Wolfgang Schäuble brisa immédiatement un suspens inexistant en annonçant leur désaccord : "Nous sommes d’accord pour dire que nous sommes en désaccord". Le ton était donné. Le respect des règles européennes, de la parole donnée, des engagements pris, a été l'argument logique et consensuel avancé par le ministre allemand pour défendre une position bien connue. Et l’analyse de fond resta inflexible; les problèmes grecs viennent uniquement de la Grèce, et l’Europe n’a rien à voir là-dedans. L’Allemagne encore moins. La ligne Schäuble est tracée, aussi droite que dure. La Grèce doit payer ses excès passés, il n’y a rien à discuter.

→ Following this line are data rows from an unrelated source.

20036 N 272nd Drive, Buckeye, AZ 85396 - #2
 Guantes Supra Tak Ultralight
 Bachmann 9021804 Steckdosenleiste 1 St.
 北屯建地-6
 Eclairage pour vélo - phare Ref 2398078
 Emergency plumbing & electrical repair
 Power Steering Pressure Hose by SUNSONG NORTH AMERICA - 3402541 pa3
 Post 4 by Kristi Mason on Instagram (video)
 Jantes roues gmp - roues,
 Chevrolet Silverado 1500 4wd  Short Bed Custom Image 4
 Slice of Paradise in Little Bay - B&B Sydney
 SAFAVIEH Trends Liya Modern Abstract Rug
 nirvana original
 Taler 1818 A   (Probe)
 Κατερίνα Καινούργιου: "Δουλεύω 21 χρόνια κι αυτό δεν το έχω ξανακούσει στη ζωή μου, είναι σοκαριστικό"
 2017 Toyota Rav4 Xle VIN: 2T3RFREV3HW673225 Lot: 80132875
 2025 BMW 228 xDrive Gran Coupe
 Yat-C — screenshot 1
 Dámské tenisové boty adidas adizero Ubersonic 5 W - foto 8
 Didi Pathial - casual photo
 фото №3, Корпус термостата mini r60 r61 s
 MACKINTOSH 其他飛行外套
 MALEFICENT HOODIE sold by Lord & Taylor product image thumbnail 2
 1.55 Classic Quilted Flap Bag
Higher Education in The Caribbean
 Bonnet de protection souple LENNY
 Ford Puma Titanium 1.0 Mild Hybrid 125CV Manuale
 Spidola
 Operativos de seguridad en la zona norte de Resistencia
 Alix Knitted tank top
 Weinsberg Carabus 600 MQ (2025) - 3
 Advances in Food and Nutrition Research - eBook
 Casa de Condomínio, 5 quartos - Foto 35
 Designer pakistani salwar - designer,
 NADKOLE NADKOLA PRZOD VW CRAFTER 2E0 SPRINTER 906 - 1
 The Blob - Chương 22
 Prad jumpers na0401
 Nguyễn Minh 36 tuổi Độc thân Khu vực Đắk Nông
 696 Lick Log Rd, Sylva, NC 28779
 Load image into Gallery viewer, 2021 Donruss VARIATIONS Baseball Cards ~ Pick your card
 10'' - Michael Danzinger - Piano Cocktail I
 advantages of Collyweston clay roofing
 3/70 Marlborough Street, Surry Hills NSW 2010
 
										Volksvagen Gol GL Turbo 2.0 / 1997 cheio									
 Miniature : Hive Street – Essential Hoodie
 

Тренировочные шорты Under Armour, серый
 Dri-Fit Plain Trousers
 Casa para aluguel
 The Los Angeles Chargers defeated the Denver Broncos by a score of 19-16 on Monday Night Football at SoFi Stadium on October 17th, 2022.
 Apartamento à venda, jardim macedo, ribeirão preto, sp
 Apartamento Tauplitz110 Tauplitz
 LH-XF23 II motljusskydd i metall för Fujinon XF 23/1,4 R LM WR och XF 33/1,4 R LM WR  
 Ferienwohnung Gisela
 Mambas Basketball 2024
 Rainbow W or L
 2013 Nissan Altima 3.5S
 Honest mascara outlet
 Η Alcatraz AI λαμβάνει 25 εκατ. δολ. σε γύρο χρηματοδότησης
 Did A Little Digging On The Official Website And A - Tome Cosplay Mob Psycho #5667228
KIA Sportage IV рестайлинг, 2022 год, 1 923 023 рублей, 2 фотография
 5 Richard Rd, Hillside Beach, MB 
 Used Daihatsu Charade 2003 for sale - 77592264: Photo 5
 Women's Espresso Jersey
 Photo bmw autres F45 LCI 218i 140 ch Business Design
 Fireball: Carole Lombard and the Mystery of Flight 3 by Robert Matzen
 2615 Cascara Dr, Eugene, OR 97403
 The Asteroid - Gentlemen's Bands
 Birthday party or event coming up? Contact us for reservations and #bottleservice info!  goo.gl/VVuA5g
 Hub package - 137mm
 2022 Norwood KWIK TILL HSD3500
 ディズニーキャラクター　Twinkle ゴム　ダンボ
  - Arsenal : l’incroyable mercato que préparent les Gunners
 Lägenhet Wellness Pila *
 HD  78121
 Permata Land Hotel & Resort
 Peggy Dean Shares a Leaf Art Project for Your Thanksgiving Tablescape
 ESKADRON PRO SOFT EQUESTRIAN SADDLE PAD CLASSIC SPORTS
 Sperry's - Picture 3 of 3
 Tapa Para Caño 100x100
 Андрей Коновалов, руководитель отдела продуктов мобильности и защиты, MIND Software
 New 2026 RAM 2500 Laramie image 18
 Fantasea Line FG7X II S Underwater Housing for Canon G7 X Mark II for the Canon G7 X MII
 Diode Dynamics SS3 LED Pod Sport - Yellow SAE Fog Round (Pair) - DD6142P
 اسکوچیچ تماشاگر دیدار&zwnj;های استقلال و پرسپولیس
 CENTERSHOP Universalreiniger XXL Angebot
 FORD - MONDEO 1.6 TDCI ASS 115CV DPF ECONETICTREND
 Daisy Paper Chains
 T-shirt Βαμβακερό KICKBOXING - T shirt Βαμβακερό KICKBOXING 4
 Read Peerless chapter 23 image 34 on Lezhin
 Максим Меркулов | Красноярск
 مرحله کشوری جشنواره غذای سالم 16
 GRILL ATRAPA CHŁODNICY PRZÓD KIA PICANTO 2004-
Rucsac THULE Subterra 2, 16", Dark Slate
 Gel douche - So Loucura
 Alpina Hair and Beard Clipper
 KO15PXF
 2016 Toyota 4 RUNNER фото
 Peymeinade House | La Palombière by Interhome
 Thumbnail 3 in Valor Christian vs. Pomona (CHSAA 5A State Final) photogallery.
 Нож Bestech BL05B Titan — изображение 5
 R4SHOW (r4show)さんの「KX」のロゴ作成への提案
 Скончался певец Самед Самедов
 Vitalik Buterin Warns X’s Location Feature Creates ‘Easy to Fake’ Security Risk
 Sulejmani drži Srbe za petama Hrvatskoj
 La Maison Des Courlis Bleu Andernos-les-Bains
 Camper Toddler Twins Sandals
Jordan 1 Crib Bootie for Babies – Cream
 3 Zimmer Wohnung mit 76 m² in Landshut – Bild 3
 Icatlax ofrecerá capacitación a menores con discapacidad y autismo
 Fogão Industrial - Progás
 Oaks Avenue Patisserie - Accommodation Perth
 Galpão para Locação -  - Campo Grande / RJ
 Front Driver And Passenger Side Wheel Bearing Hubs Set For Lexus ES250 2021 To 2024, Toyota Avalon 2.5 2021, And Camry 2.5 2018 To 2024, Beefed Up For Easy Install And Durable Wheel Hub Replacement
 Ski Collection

La proposition faite, aussi absurde qu’humiliante, d’envoyer 500 inspecteurs du fisc allemand en Grèce, afin de restaurer l’état de droit fiscal fut ignorée par Yanis Varoufakis. Mais elle en a dit long sur le mépris de son homologue de Berlin.

Puis, ce fut au tour du ministre grec de prendre la parole : "Nous voulons mettre en place les conditions permettant de sortir de cette crise apparemment sans fin". En l’occurrence, Yanis Varoufakis ne parlait pas ici que du cas grec. Son ambition, sans doute démesurée, n’est pas simplement de changer la donne pour son pays; il cherche à modifier l’ensemble de la doctrine économique européenne. La mendicité n’est pas au programme.

Car ce que le nouveau ministre de Syriza a compris, c’est qu’un énième plan de sauvetage ne changera rien à la situation de la Grèce. C’est l’intégralité de la stratégie macroéconomique de la zone euro qui doit être modifiée pour que des résultats tangibles puissent être obtenus. Afin d’argumenter son propos, Yanis Varoufakis va alors se lancer dans une critique profonde de la politique menée par la zone euro depuis 6 ans. La Troïka a échoué car elle a agi en répondant à une crise de liquidité alors qu’il s’agissait d’une crise d’insolvabilité. Elle s’est trompée.

En effet, l’erreur économique du plan mis en place par la Troïka, c’est-à-dire du FMI, de la Commission et de la Banque centrale européenne, réside dans le fait d’avoir prêté davantage de fonds à un pays qui ne pouvait pas les rembourser. C’est ainsi que 90% des nouvelles sommes allouées à la Grèce n’auront servi qu’à rembourser la dette existante. Puis, afin de souligner encore un peu plus l’absurdité du plan, le ministre a fustigé la stratégie unique et absolue de l’austérité. Et dont le seul objectif est de redresser la "compétitivité" du pays. Car cette stratégie n’aura eu pour résultat que de produire une baisse considérable des revenus du pays. En réalité, le bilan est une chute de 25% du PIB. Rendant évidemment impossible toute amélioration de la situation du débiteur, comme de celle du créancier. Comment rembourser une dette qui augmente avec des revenus qui baissent ?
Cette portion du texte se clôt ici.